On December 7, 1892, Stuart Davis was born to two Philadelphia artists. His mother, Helen Stuart Foulke, was a prominent sculptor who exhibited at the annual exhibitions of the Pennsylvania Academy of Fine Arts and the Philadelphia Museum of Art. His father, Edward Wyatt Davis, was a newspaper art editor who employed many of the period’s great American Realists– John Sloan, William Glackens, George Luks, and Everett Shinn. In the company of his parents and their famous artist friends, the young Davis grew up surrounded by art.

At the age of 16, Davis dropped out of high school to study with Robert Henri at the artist’s school in New York City. His parents weren’t the least bit worried over his decision, as they were close friends of Henri and could not have thought of a more experienced mentor for their son. For the next three years, Davis remained at Henri’s school, where he learned above all, to capture “life in the raw.” Under the direction of artist John Sloan, the teenage Davis gained additional experience as an illustrator for the socialist weekly, The Masses.

In 1913, he was invited to participate and attend the International Exhibition of Modern Art (also known as the Armory Show). Davis later recalled that he was “enormously excited by the show” and was deeply affected by the post-Impressionist works by Gaugin, Van Gogh, and Matisse that were on display. Upon his return from the exhibition, the young artist vowed to become a “modern” artist.

After the Armory Show, Davis redeveloped his style by loosening up his brushwork and perspective. Shortly after, he held his first solo-exhibition which was then followed by a string of shows at the Whitney Studio Club. In 1922, he became a member of the Modern Artists of America.
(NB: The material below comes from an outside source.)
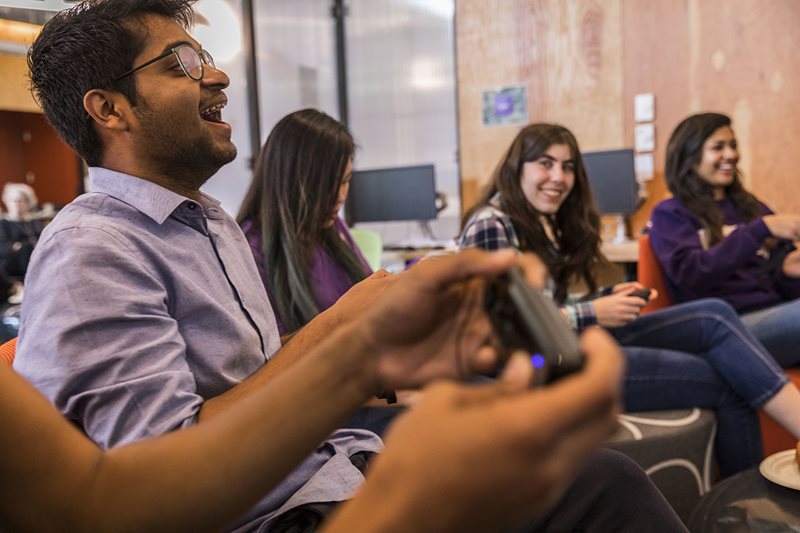 A group of students playing video games in Area 01.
As an established, “modern” artist, Davis gained entrance into the circles of the New York avant-garde. Over the years, he became close friends with abstract painters Charles Demuth, Arshile Gorky, John Graham and the poet William Carlos Williams.

In 1927, Davis encountered a crossroads in his career when he mounted an electric fan, a rubber glove and an eggbeater to a table. The Eggbeater Series, was then debuted at the Valentine Gallery. Upon the success of the show, benefactor Gertrude Vanderbilt Whitney urged Davis to travel to Paris. With her financial help, he was able to go abroad for a year with his girlfriend Bessie Chosak. Once in Paris, he found a studio in the Montparnasse district, painted many Paris street scenes, and married Bessie Chosak.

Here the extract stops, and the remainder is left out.